Era filho de Charles Henry Cooper, inglês, advogado, que deixou Inglaterra aos 19 anos e se tornou juiz do Supremo Tribunal do Estado de Montana, antes de comprar um rancho e se dedicar inteiramente à agricultura (“o meu pai era um verdadeiro Westerner”, conta Gary Cooper). Em 1910, o jovem Cooper viaja com a mãe até Inglaterra e, na volta, apaixona-se igualmente pela vida de rancheiro. Foi guia no Yellowstone Park. Na universidade, teve os primeiros contactos com a arte de representar e deixou-se sucumbir aos encantos de Hollywood, para onde partiu, inicialmente para se ocupar em pequenos papéis de figuração.

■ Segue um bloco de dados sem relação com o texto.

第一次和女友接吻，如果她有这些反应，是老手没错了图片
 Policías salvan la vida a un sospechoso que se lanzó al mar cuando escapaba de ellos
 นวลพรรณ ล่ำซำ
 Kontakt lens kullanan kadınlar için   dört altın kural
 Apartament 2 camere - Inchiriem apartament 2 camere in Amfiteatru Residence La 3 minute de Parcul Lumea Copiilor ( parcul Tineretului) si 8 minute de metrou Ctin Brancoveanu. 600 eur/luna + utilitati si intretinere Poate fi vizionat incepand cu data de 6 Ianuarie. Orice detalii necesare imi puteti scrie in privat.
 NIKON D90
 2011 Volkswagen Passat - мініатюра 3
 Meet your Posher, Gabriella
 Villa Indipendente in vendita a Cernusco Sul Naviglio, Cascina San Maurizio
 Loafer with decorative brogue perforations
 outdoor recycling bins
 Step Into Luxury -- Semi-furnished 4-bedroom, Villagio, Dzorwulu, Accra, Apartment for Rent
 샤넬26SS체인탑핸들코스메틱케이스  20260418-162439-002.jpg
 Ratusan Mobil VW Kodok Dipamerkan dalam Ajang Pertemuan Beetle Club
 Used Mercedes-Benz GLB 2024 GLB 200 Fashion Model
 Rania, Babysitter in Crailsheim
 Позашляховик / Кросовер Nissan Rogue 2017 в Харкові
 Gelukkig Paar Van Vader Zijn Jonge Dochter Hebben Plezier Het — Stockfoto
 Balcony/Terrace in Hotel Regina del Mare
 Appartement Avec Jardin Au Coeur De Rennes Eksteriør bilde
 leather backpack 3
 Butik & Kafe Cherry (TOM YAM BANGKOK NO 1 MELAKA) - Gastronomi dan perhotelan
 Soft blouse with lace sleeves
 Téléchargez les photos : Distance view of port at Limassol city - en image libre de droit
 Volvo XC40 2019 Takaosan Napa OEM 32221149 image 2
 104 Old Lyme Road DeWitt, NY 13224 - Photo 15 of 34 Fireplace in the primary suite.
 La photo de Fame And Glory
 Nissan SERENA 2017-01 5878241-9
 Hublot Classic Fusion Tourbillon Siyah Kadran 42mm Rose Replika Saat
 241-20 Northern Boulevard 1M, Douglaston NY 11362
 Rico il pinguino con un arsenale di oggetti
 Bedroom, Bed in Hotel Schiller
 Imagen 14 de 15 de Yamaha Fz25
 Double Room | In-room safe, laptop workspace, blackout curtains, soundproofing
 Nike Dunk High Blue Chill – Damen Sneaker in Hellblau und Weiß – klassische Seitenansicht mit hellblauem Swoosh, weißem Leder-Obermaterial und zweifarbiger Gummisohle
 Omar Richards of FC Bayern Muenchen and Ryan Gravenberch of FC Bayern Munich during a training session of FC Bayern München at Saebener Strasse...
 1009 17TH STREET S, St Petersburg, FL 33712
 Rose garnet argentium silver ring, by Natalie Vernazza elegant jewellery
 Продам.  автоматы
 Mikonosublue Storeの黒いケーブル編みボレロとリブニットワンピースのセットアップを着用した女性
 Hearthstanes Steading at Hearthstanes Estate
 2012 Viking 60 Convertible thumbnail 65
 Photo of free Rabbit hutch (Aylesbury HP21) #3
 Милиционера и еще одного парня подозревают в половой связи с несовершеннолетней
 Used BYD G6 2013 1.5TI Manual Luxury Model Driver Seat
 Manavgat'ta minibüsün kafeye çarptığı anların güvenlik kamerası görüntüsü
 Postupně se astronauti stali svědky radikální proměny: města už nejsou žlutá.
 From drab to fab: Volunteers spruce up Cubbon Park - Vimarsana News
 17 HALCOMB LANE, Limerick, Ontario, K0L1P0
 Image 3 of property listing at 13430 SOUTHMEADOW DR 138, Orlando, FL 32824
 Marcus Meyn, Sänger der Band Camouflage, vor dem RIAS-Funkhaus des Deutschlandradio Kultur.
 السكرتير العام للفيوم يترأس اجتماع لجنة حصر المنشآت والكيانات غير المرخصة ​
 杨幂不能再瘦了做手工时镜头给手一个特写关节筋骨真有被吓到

O seu primeiro trabalho “visível” terá sido em 1926, em “The Winning of Barbara Worth” (A Flor do Deserto), de Henry King. A partir daí, interveio em mais de uma centena de obras, muitas das quais como protagonista, sendo um dos mais requisitados actores de Hollywood, sobretudo no campo do western. Ícone de várias gerações, que viam nos seus olhos claros o reflexo de um herói sem mácula, Gary Cooper possuiu uma carreira marcada por grandes sucessos, que se podem consultar na sua filmografia. Ernest Hemingway, por exemplo, achou que Gary Cooper tinha sido o actor ideal para interpretar as adaptações de dois dos seus romances mais célebres: “O Adeus às Armas” (1932) e “Por Quem os Sinos Dobram” (1943). 
Politicamente era conservador, foi chamado à Comissão de Actividades Anti-Americanas e não revelou qualquer nome, defendeu Carl Foreman, enquanto argumentista de “High Noon” e pediu a John Wayne, que acusara o filme de “anti-americano”, para receber o Oscar de Melhor Actor em seu nome.  Ganhou dois Oscars, com “Sergeant York” (1941) e “High Noon” (1952) e foi nomeado mais três vezes, com “Mr. Deeds Goes to Town” (1936), “The Pride of the Yankees” (1942) e “For Whom the Bell Tolls” (1943). Recebeu ainda, em 1961, um Óscar Honorário pelo conjunto da obra. Em 1999, na lista organizada pelo American Film Institute, Gary Cooper era considerado o 11º melhor actor de todos os tempos. 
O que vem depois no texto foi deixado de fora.